Genrich was an accountant, who prepared Defendants' tax returns from the time they were married in 1971, until they divorced in 1998. Barnes acknowledges that she “didn't have much tax knowledge.” Id. at 8–10. At the time Genrich prepared Defendants' 1997 Return, Defendants had separated and Barnes was living in Florida while Genrich remained in Wisconsin. Id. at 7–8, 11. Barnes stated that Genrich “was a CPA and he did the tax returns and I signed them.... So there was never any talk of how it was going to be prepared. He just did them all the time.” Id. at 10; see also id. at 119. Barnes acknowledges that she understood that she had an obligation to file a tax return for 1997. Id. at 11. In this regard, Barnes confirmed that she relied upon Genrich to prepare the tax return for 1997 to fulfill her obligation.
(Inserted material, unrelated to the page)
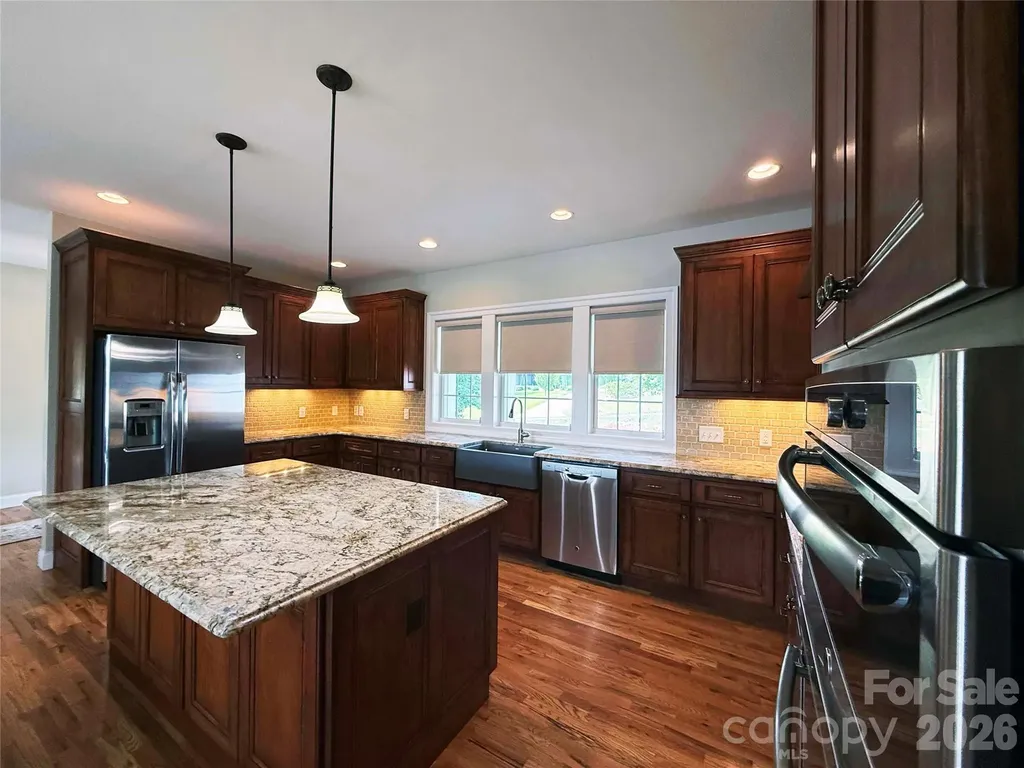 490 Mapleton Lane Columbus NC 28722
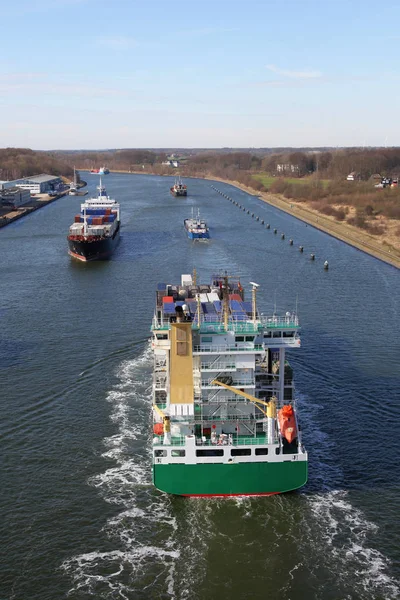 Pengiriman Kontainer Kapal Kargo Transportasi Air Untuk Pengiriman — Stok Foto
Q. ... What did you do, then, to make sure that in 1997 a tax return was filed for you?
A. I didn't. I just didn't.
Q. ... Were you thinking that Mr. Genrich was going to file the return for you.
A. I was thinking that he was going to prepare it and pay the taxes that were due and that was it.
...
Q. So as far as you understood for 1997, Mr. Genrich was going to take care of preparing whatever paperwork needed to be done for both of your taxes and filed with the IRS, is that correct?
A. He was going to prepare them? Yes, yeah.
Id. at 11–12. When asked if she knew her husband would prepare a joint return for 1997, Barnes replied:
I don't know the difference between a joint and single. So I don't know what ... I knew that ... you do tax returns. And I didn't know if joint or single at that point were applicable because I don't remember the date of the divorce [May 27, 1998] and whether or not you have to sign at the beginning of the year or the end of the year.
Id. at 11; ( see also Doc. 45–1; Divorce Judgment).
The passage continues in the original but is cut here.